REQUIRED WORK
Exactly as given, write out the lines from the one containing "Neurogan GHK-Cu Copper" through the end of the listing, with both ends included and nothing else.

━━━━━━━━━━━━━━━━━━━━━━━━━━━━━━

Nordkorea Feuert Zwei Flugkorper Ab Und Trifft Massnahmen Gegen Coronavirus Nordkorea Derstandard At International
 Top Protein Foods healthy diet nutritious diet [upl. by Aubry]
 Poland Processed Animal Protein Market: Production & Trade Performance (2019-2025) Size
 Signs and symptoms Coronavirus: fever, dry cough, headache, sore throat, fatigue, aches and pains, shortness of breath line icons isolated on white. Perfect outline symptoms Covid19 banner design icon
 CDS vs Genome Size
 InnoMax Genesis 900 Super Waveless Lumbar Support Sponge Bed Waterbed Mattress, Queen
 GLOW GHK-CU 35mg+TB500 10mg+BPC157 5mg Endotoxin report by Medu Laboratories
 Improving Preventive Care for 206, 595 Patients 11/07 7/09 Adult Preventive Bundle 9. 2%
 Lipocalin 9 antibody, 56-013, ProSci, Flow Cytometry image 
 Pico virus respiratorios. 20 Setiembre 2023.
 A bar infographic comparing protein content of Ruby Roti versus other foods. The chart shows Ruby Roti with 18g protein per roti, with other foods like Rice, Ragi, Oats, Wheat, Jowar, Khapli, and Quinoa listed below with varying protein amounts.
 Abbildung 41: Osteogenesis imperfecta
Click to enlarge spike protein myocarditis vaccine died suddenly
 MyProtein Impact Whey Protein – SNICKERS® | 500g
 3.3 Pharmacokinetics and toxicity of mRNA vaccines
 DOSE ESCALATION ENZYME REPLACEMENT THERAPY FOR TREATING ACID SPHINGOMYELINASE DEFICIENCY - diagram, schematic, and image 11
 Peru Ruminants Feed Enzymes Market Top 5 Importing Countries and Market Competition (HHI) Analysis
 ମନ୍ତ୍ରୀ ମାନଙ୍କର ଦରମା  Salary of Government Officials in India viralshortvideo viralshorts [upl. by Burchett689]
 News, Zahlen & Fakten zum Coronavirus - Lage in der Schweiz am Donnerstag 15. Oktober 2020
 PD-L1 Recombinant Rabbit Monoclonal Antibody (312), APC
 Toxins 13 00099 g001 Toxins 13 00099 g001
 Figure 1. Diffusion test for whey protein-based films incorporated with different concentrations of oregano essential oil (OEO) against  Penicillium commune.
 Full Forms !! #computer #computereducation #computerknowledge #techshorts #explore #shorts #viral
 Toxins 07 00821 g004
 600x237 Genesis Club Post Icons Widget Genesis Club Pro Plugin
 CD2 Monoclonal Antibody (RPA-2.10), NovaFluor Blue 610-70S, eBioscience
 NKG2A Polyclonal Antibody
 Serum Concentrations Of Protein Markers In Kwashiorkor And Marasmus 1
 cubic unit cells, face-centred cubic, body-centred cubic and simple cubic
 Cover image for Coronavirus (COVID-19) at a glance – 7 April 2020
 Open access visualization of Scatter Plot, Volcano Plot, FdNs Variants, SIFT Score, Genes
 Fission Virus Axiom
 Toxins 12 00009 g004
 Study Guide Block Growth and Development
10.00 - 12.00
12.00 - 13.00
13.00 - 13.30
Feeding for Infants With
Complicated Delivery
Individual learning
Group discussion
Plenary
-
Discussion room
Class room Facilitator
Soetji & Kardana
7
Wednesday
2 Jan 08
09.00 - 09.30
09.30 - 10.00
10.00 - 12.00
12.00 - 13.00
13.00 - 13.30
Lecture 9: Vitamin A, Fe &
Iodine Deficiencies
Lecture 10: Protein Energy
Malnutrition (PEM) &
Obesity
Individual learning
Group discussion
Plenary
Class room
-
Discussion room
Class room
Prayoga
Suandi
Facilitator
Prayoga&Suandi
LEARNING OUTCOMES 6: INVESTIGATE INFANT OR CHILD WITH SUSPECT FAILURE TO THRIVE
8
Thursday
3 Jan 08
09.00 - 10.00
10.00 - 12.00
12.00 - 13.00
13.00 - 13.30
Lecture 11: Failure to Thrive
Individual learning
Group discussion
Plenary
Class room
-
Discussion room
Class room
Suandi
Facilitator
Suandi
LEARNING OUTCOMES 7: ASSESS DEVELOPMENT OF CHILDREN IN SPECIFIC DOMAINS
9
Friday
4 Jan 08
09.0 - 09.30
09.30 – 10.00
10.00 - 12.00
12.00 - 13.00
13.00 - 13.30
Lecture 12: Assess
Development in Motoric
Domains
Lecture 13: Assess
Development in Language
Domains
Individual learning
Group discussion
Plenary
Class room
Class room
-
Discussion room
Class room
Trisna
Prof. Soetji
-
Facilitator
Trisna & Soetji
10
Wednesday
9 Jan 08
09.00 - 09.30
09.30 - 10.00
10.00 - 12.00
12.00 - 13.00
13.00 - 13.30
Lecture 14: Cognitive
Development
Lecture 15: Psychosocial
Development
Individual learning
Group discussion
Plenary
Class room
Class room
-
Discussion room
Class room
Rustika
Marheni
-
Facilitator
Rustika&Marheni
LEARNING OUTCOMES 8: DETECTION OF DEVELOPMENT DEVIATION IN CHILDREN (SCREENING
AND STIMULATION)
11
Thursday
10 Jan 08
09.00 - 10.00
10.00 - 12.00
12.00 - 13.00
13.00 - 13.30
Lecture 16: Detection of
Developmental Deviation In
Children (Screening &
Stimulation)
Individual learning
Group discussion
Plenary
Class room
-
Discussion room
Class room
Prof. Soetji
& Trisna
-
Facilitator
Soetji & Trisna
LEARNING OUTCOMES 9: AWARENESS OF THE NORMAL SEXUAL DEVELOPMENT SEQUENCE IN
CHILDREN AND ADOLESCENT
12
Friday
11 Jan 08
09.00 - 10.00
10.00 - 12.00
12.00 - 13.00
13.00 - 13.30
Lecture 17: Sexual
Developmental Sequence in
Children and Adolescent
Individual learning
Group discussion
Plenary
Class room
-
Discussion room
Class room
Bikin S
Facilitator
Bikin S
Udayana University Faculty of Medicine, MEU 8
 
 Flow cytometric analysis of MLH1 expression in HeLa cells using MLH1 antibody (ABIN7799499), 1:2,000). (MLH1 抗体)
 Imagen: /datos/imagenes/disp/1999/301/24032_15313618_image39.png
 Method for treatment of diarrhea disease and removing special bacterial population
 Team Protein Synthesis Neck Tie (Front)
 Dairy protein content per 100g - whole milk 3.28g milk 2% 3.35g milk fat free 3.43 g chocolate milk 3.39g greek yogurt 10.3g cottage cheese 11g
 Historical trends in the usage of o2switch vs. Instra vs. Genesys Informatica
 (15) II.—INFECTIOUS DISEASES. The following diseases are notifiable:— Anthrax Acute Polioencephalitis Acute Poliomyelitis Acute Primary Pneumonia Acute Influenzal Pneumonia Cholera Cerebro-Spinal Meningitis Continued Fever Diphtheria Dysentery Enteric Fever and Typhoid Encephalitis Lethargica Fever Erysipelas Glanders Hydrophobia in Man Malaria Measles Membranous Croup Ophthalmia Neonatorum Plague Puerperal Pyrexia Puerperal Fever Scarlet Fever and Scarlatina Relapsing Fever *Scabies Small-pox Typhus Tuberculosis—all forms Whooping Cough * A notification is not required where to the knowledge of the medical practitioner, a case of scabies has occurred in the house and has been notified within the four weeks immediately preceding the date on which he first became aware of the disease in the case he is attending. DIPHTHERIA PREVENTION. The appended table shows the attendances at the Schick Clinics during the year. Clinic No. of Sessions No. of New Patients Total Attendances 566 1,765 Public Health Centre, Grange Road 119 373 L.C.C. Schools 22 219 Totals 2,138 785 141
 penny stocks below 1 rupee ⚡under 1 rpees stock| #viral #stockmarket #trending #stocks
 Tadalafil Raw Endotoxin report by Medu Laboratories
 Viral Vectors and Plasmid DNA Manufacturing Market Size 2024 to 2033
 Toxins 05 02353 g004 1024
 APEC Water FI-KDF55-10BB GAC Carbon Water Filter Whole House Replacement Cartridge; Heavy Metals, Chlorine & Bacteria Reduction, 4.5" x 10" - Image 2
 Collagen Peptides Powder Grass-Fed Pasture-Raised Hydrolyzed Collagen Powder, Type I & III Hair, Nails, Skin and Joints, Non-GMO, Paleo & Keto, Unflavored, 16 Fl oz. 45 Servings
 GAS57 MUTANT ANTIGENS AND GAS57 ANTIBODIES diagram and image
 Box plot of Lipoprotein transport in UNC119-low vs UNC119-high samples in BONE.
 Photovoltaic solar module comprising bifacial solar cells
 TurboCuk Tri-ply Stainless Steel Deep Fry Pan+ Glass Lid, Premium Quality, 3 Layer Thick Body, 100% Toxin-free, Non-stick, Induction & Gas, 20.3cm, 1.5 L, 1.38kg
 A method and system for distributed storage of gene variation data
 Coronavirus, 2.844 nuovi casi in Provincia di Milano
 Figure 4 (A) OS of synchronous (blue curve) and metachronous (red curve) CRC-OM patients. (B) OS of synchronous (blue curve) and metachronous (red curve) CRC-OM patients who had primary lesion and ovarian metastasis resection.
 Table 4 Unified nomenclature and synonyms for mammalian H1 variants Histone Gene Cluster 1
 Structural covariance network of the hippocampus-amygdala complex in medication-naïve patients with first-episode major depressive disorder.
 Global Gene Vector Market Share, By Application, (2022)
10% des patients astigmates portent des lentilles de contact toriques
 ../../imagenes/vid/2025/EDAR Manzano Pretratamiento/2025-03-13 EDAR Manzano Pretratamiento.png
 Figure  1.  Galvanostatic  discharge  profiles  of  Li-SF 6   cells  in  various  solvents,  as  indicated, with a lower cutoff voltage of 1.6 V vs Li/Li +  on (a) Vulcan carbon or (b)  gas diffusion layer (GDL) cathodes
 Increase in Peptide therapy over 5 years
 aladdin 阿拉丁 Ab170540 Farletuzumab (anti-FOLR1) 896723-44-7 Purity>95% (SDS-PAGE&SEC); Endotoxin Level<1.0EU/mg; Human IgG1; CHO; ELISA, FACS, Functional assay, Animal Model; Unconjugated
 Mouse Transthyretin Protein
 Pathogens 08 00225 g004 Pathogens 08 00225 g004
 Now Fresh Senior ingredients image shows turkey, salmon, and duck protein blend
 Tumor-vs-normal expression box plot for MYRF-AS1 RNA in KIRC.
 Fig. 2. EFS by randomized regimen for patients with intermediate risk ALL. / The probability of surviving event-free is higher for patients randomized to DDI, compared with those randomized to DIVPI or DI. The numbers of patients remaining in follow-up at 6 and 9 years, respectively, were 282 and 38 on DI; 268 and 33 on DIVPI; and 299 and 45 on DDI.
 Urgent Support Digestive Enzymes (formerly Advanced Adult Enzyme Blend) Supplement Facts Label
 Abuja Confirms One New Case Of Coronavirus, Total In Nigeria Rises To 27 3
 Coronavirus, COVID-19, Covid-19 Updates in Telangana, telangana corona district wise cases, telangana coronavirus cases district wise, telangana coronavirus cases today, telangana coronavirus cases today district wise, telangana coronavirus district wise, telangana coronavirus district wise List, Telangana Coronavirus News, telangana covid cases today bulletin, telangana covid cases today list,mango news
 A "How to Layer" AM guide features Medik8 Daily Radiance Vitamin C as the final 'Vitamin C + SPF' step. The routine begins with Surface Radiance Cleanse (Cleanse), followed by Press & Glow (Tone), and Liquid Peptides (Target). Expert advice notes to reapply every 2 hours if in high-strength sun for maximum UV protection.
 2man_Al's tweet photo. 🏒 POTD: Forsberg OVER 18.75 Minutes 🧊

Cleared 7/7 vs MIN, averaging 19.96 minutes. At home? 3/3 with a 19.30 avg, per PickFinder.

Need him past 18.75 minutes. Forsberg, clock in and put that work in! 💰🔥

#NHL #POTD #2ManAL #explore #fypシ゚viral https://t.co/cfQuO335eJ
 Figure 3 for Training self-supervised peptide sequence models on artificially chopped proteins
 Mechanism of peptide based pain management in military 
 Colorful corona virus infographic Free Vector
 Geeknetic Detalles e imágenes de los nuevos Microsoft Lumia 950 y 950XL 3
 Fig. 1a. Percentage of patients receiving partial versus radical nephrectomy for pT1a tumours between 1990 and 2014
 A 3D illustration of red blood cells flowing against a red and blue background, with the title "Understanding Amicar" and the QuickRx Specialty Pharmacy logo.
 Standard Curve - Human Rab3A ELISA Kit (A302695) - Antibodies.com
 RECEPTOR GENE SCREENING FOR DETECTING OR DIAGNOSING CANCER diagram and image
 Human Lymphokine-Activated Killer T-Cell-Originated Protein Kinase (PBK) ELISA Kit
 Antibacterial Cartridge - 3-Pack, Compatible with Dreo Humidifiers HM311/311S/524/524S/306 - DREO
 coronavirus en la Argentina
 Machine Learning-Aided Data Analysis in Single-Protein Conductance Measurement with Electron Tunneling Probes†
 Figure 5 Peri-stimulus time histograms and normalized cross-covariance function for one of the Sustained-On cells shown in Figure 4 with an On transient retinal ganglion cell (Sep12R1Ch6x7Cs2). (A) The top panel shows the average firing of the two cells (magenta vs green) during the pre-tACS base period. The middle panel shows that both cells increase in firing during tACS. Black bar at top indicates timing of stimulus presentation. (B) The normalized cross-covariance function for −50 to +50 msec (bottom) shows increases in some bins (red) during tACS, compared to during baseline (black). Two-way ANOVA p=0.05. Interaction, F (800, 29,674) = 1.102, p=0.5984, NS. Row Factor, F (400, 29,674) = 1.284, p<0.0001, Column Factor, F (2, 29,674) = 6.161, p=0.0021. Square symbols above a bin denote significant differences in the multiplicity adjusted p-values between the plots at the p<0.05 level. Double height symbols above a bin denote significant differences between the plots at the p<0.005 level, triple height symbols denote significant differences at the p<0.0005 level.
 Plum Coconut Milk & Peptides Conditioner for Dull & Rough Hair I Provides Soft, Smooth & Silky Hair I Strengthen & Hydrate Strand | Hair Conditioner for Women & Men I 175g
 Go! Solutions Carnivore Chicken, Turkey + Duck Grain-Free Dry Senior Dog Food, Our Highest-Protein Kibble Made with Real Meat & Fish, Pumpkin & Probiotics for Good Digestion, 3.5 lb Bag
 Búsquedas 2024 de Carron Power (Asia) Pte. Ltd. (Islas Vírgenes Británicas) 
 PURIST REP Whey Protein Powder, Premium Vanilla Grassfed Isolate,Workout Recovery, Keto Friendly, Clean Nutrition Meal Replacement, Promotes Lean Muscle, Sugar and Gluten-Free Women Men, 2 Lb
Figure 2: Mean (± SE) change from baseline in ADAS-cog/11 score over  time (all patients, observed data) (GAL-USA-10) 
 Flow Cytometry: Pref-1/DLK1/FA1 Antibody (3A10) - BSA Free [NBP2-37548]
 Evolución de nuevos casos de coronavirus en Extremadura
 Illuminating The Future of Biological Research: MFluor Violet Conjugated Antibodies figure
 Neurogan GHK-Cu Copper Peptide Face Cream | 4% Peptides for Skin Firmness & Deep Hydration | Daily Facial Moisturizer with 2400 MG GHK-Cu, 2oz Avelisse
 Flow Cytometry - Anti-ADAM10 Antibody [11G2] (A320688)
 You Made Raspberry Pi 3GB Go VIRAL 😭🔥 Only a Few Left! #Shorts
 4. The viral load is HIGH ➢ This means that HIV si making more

━━━━━━━━━━━━━━━━━━━━━━━━━━━━━━

YOUR RESPONSE
 Neurogan GHK-Cu Copper Peptide Face Cream | 4% Peptides for Skin Firmness & Deep Hydration | Daily Facial Moisturizer with 2400 MG GHK-Cu, 2oz Avelisse
 Flow Cytometry - Anti-ADAM10 Antibody [11G2] (A320688)
 You Made Raspberry Pi 3GB Go VIRAL 😭🔥 Only a Few Left! #Shorts
 4. The viral load is HIGH ➢ This means that HIV si making more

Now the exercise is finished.